[Work order]
Give back exactly the lines from the one containing "Bedding Set Emerald" through the end of the records, including both, and no others.

[Short text fragments from websites]
------------------------------
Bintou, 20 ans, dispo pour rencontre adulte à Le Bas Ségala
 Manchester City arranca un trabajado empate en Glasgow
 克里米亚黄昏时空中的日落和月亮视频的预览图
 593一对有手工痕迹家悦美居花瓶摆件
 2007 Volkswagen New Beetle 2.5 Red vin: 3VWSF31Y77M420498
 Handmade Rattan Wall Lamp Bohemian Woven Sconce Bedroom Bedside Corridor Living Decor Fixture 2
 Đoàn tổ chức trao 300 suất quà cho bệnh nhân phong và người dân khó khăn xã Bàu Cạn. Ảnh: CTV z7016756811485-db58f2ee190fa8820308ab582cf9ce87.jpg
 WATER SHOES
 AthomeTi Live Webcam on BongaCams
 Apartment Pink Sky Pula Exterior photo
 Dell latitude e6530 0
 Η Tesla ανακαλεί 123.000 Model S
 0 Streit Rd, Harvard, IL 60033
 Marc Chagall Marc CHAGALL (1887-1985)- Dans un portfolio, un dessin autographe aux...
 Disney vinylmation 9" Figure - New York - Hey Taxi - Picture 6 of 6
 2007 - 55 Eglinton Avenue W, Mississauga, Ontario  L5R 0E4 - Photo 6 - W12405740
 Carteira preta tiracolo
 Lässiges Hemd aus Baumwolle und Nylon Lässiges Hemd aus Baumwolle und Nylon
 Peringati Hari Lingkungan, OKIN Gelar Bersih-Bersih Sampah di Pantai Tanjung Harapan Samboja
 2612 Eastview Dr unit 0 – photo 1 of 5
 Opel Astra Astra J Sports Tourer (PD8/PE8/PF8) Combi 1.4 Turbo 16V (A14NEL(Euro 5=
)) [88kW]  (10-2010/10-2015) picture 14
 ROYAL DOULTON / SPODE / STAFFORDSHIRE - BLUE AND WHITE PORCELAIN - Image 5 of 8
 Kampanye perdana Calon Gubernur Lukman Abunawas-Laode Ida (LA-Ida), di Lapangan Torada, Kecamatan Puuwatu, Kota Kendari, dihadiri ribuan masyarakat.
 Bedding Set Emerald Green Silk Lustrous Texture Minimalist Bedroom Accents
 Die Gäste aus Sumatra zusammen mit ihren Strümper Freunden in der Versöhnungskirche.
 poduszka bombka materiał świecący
------------------------------
[Solution]
 Bedding Set Emerald Green Silk Lustrous Texture Minimalist Bedroom Accents
 Die Gäste aus Sumatra zusammen mit ihren Strümper Freunden in der Versöhnungskirche.
 poduszka bombka materiał świecący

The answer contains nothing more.